Search the listing below for the line containing "Rickenbacker 4003/4 , Snowglo: Free image2". From there through the line containing "Amphenol LTW M12L-05BFDB-SR7001", transcribe every line exactly, both ends included.

▸ Source material:
☆ ☆ ☆ ☆

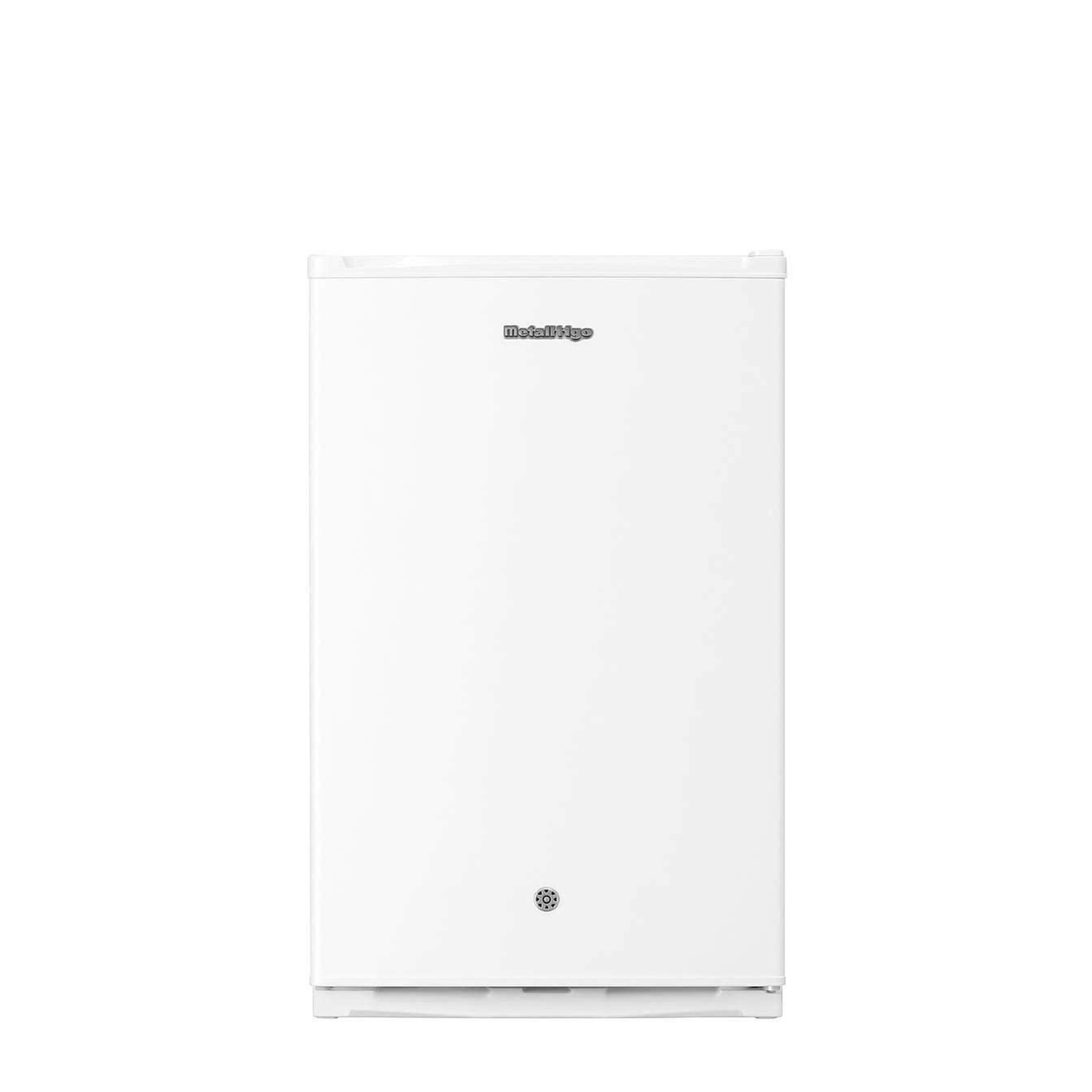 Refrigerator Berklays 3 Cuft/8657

☆ ☆ ☆ ☆

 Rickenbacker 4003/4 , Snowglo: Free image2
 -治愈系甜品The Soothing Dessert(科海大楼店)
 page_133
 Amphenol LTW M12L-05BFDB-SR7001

☆ ☆ ☆ ☆

▸ Response area:
 Rickenbacker 4003/4 , Snowglo: Free image2
 -治愈系甜品The Soothing Dessert(科海大楼店)
 page_133
 Amphenol LTW M12L-05BFDB-SR7001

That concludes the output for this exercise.